> [EXERCISE] Copy every line of the records below that holds the word "Home".

AVAILABLE DATA START

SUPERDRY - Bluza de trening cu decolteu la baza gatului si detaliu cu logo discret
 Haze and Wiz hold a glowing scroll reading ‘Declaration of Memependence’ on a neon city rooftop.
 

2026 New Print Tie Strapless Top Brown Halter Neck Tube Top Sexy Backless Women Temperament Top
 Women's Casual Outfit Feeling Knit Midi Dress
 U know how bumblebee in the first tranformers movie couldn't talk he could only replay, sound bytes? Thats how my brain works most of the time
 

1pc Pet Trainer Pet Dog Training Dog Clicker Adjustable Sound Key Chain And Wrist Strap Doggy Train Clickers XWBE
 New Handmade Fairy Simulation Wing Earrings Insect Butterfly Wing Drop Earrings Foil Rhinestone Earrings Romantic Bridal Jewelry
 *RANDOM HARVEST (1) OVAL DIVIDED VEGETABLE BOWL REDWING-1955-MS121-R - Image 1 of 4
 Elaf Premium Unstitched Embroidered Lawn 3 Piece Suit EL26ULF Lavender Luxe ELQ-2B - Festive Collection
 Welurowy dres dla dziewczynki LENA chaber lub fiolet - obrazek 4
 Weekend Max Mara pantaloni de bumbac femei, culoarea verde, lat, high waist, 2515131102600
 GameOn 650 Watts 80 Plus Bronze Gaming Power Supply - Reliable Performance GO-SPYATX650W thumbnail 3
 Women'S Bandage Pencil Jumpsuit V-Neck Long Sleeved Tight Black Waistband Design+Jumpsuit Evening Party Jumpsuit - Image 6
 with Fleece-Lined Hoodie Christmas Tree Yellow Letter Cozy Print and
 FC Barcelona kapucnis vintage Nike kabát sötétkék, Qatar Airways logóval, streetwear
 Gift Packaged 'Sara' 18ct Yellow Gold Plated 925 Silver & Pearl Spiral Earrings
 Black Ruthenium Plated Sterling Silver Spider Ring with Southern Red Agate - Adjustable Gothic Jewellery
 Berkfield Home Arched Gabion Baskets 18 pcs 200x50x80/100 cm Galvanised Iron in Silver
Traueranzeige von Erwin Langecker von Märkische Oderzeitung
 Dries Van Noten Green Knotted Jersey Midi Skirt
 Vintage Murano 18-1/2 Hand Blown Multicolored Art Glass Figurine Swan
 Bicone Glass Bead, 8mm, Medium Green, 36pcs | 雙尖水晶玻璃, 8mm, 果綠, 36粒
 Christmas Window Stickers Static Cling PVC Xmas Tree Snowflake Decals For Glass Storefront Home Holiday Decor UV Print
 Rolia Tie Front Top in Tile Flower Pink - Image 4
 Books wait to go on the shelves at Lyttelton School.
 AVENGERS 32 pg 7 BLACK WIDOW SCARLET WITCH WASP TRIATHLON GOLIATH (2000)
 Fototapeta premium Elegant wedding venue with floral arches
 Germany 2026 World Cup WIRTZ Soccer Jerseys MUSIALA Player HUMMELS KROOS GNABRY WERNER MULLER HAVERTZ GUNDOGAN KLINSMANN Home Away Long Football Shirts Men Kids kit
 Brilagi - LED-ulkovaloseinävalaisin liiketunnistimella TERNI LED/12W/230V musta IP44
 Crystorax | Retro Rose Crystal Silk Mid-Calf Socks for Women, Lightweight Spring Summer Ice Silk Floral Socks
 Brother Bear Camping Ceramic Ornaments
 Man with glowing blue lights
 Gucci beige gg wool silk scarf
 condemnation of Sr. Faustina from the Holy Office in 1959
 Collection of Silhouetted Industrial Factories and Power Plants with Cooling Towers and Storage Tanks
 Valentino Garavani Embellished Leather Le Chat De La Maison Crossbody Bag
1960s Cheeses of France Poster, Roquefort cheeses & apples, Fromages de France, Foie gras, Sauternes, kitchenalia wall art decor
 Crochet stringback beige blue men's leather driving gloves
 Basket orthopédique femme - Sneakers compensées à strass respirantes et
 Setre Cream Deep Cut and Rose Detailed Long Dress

AVAILABLE DATA END

> [OUTPUT FOR THIS EXERCISE]
 Berkfield Home Arched Gabion Baskets 18 pcs 200x50x80/100 cm Galvanised Iron in Silver
 Christmas Window Stickers Static Cling PVC Xmas Tree Snowflake Decals For Glass Storefront Home Holiday Decor UV Print
 Germany 2026 World Cup WIRTZ Soccer Jerseys MUSIALA Player HUMMELS KROOS GNABRY WERNER MULLER HAVERTZ GUNDOGAN KLINSMANN Home Away Long Football Shirts Men Kids kit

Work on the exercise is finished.